Labor Day, based on the book by Joyce Maynard, is one of those films that seems like it'll be really good and really dramatic, in all the best ways. And perhaps the book reads better than the film, but in this case the movie's parts are often greater than the whole. As in, some parts really work, others really don't. This results in a film that moves too slow and screams for audiences to root for its characters and the love story, but many of the film's themes are too questionable to garner that kind of reaction.
This is not to say that the film doesn't make you feel anything, because it does. Anything with Kate Winslet in a lead role will make you feel something, but these emotions might not be positive ones here. Themes of patriarchy, misogyny, and the perfect man swooping in and saving the woman are not lost on the audience and inherently frustrating all around.
No, Frank doesn't cure Adele or anything, but he does help her to somewhat live again. And while that may sound like a good thing, the movie spawns ideals of being in love with love and unrealistic ideas that don't help in sympathizing completely with these characters at all. It's basically trying to say that a woman needs a man in order to be able to live her life, even if it's a man you know nothing about or why he was convicted.

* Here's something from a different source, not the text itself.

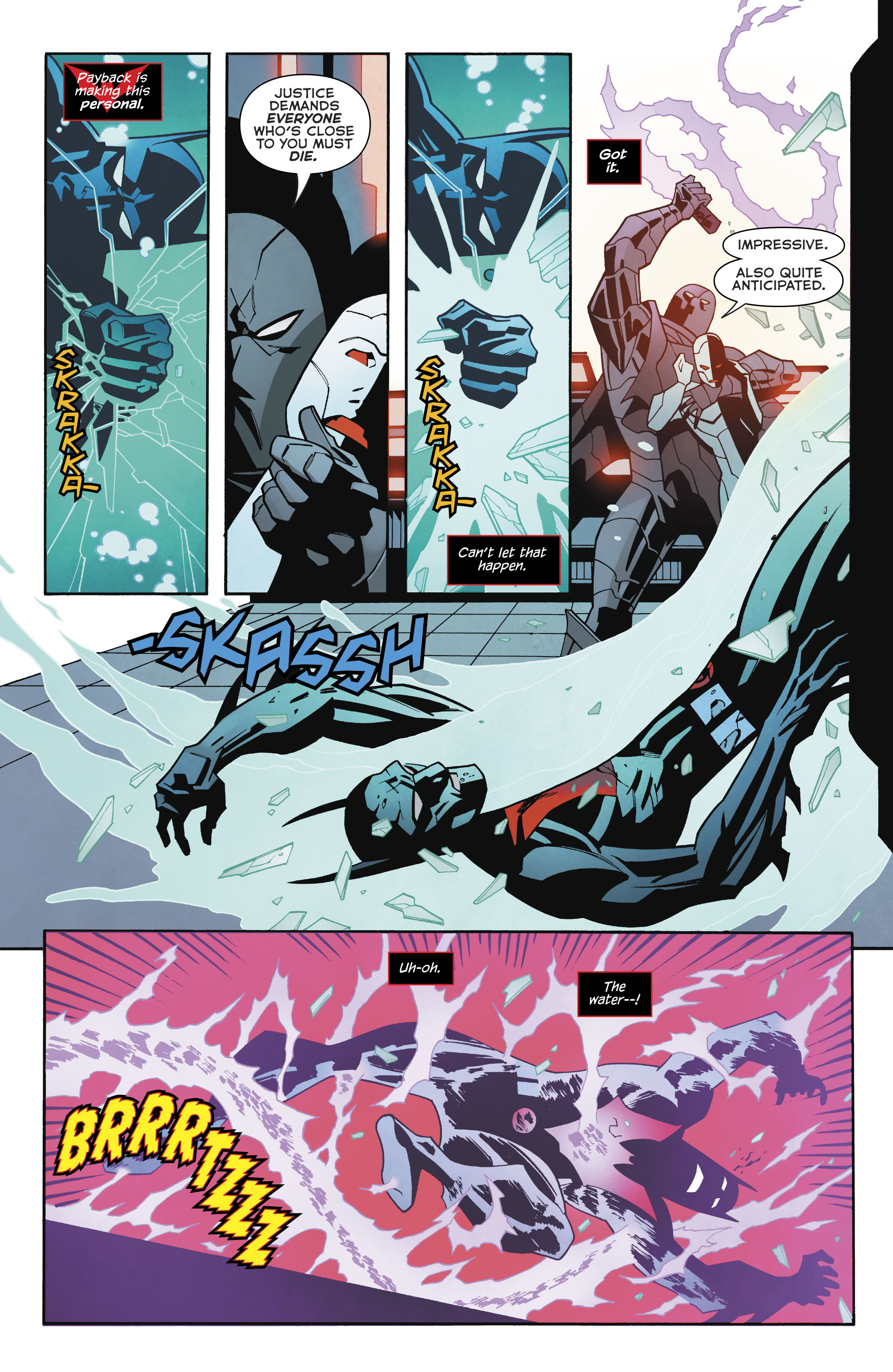 Batman Beyond (2016-) issue 18 - Page 14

Also frustrating is how quick Adele and Henry warm up to Frank without really knowing about what he did to end up in jail or anything about his past. Suspicion kind of flies out the window after the second day with no questions asked. Some things are forced, like the thrown-in almost-girlfriend of Henry's, who helps him build some kind of paranoia that's meant to add an extra layer of plot but doesn't help move anything forward. It instead just sits there with nowhere to go.
One thing that is bold of the film, however, is its focus on Adele's depression, anxiety, and borderline panic. In 1987, these types of things weren't taken very seriously or really treated. And even in movies, they're not given much attention, so it's refreshing to see a lead character have all these things to work through, making the reveal at the end a little more interesting. Ultimately, though, it's lost amongst all the ridiculous idealism that the movie throws around like it's nothing.
It's surprising that an actress like Kate Winslet, who generally takes roles of gutsy, more out spoken women, takes the role of Adele who's the complete opposite. But then again, she's nothing if not eclectic in her film choices. She paints Adele in a blurry light at the beginning of the movie. Always out of it, panicked, anxious, hands shaking. But these nuances in every scene help her to fully develop into a character you kind of understand by the end of the film and start to really feel for, even if it's a little too late by then.
Josh Brolin keeps his expression neutral, more or less. It's the type of expression where you question whether or not you can trust him, but it's still somehow open and honest. His character, unfortunately, isn't very three-dimensional and ultimately falls flat. Even though he's supposed to be this "perfect man," that actually becomes a ridiculously major nuisance instead.
Labor Day is a film you'll really want to like, but find that you just can't. It boasts good performances but lacks the fluidity of a well-plotted movie and plays out like a book without using its screen time to its creative advantage. Some of the themes are too in-your-face and far too idealistic in nature to really warrant much feeling towards the entire story line. The plot can get frustrating, moves a little too slow, and the final payoff isn't all that fulfilling. It's a movie that tries too hard to be tension-filled and dramatic, but its thematic elements fail in the bigger scheme of things, all while throwing in our faces the controlling and mysterious man.